The kmeans metric is exactly the metric you would want to optimize the performance of an algorithm like [bolt](https://arxiv.org/abs/1706.10283). In that and other discretization routines, the value of k is a parameter related to compression ratio, efficiency, and other metrics more predictable than some ethereal notion of how many clusters the data "naturally" has.
I've used something similar for tissue segmentation from hyperspectral images of animals where I know there should be K different tissue types I care about.
Google's Material You uses this to initiate color theming
(n.b. Celebi's, note usage of Lab / notHSL, respect Cartesian / polar nature of inputs / outputs, and ask for high-K, 128 is what we went with but it's arbitrary. Can get away with as few as 32 if you're ex. Doing brand color from favicon)
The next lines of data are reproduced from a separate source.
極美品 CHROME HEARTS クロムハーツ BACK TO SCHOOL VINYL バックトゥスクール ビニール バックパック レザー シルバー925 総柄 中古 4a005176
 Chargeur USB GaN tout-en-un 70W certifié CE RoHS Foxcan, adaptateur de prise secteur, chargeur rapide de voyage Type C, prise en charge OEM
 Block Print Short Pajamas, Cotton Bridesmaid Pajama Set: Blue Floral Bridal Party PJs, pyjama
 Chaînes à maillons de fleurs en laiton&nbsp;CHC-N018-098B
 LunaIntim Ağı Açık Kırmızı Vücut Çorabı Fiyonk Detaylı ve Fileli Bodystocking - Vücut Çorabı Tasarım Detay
I did a modified version of this once for a map of auto dealerships, although rather than working with a fixed k, I used a fix threshold for cluster distance. The algorithm I was working with had O(n³) complexity so to keep the pregeneration of clusters manageable, I partitioned data by state. The other fun part was finding the right metric formula for measuring distances. Because clusters needed to correspond to the rectangular view window on the map, rather than a standard Euclidean distance, I used d = max(Δx,Δy) which gives square neighborhoods rather than round ones.
I implemented an algorithm which used k-means to reduce noise in a path tracer.
For each pixel instead of a single color value it generated k mean color values, using an online algorithm. These were then combined to produce the final pixel color.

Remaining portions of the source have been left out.